Spokespeople for the United Houma Nation in Lafourche and Terrebonne parishes and Vietnamese-American residents of Bayou La Batre, Ala., said residents are experiencing severe stress from the loss of their livelihood. Many are experiencing serious physical and mental health problems.
"I have seen people picking up aluminum cans to supplement their incomes," said Daniel Le, a representative of Boat People SOS. "People have sold their furniture, their TVs, so they can buy food and pay their bills and feed their children.
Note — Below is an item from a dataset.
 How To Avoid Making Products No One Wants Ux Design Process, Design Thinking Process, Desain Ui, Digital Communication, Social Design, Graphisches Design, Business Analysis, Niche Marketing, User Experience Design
People came out in hundreds waiting in line for the food drive which we organized with the Bay Area Food Bank."
Maryal Mewherter, a spokeswoman for Bayou Interfaith Shared Community Organizing, said indigenous people like the Houma Nation members "were left with an uncertainty about being able to return to work, sell their catch or being able to eat any of the seafood from the Gulf of Mexico."
The stress is showing up as physical and mental health problems, she said, including headaches, intestinal problems, loss of appetite, depression and anger.
Even along sections of Florida's Gulf Coast far from the effects of the spill, tourism-dependent businesses have been hard hit, said Keith Overton, chairman of the board of the 10,000-member Florida Restaurant and Lodging Association.
Overton said he's one of the lucky recipients of damage settlements with Kenneth Feinberg's independent Gulf Coast Claims Facility, recently being paid $1.4 million for losses incurred by his 700-employee, 800-room Tradewinds Island Resorts on St. Petersburg Beach.
His business was suffering from the national economic downturn at the beginning of 2010, Overton said, but it was the spill that forced him to lay off workers and delay investments in his resort.
"We don't know how long it's going to take to restore confidence in people that the Gulf of Mexico is safe," he said.
Louis Skrmetta, owner of the Ship Island Excursions ferry business to the Gulf Islands National Seashore off the Mississippi coast, has contemplated bankruptcy while waiting for his BP damage claims to be processed.
He said while his business suffered a 60 percent drop this season, he has managed to avoid bankruptcy because of work he has received from BP ferrying cleanup workers to west Ship Island and Port Massachusetts.
"But they continue to find oil every day on the barrier islands," Skrmetta said, and he said that does not bode well for the future of tourism.
Favre said those kinds of problems faced by Gulf Coast residents aren't resonating in Washington, as seen by the failure of Congress to create a Gulf Coast Citizens Advisory Council to provide residents of Louisiana, Mississippi, Alabama, Florida and Texas with a voice in oil spill response decision making.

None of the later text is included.